*Problem description:*
The lines to reproduce from the material below are those from the one containing "wildtier liebe Futtertraum" through the one containing "GEORGE III SILVER SPOONS etc. 4.9 oz. (qty)", both included; write them out exactly and add nothing.

*Source material:*
------------------------------------------------------------------------

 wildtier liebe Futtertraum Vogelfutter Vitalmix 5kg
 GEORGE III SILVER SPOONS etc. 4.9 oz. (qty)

------------------------------------------------------------------------

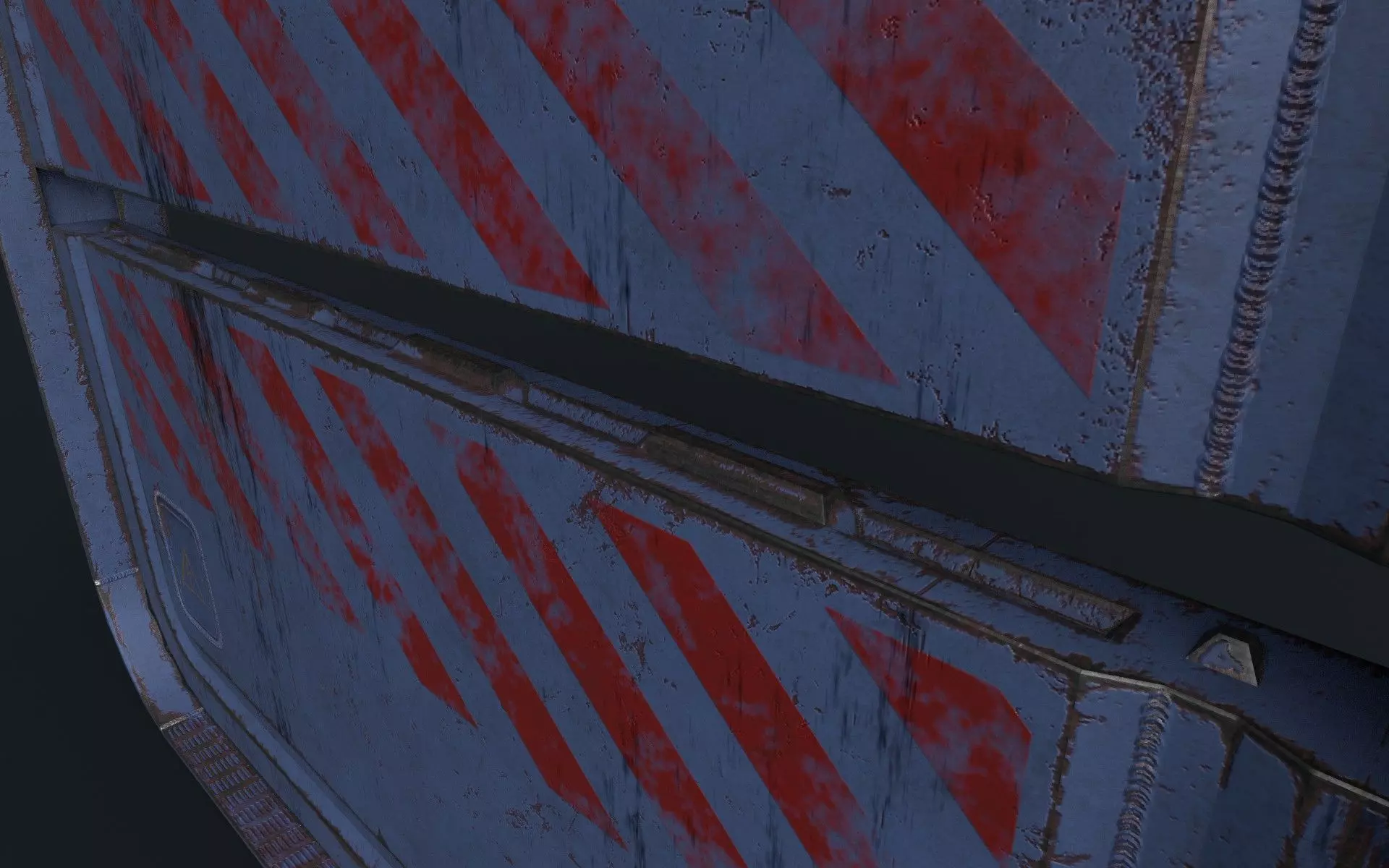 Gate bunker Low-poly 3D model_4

------------------------------------------------------------------------

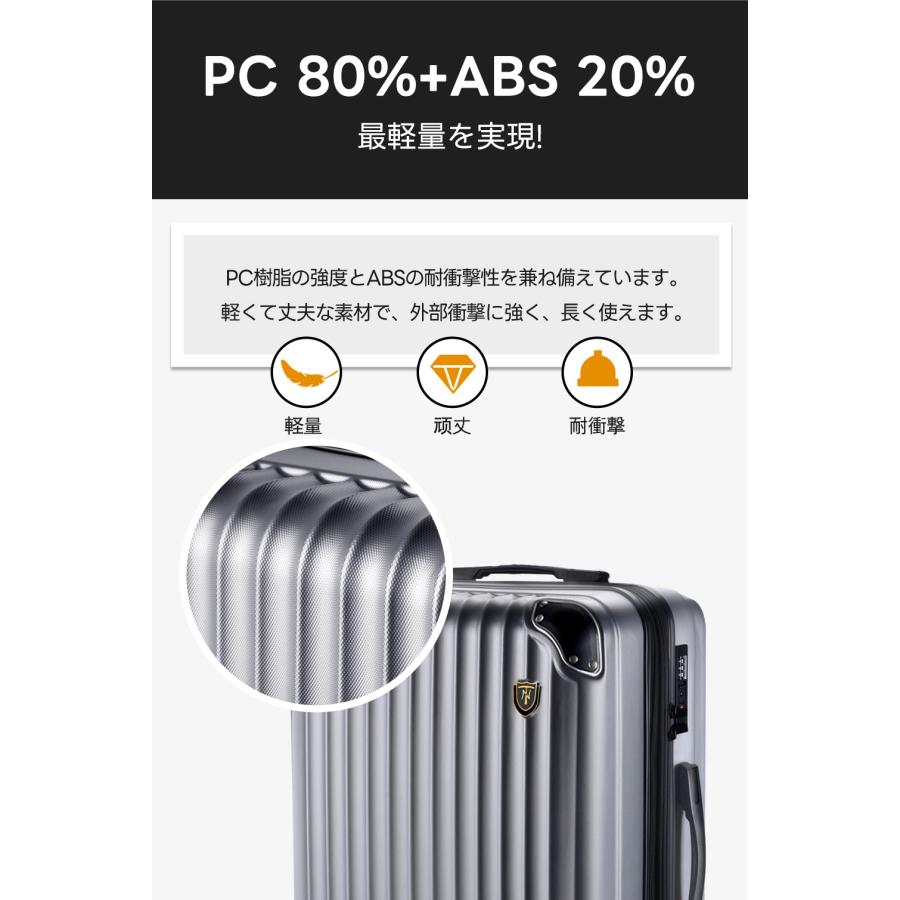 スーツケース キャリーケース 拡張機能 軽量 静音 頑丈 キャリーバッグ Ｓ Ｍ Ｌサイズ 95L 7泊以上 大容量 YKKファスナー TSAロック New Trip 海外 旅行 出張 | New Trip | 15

------------------------------------------------------------------------

*Result for this task:*
 wildtier liebe Futtertraum Vogelfutter Vitalmix 5kg
 GEORGE III SILVER SPOONS etc. 4.9 oz. (qty)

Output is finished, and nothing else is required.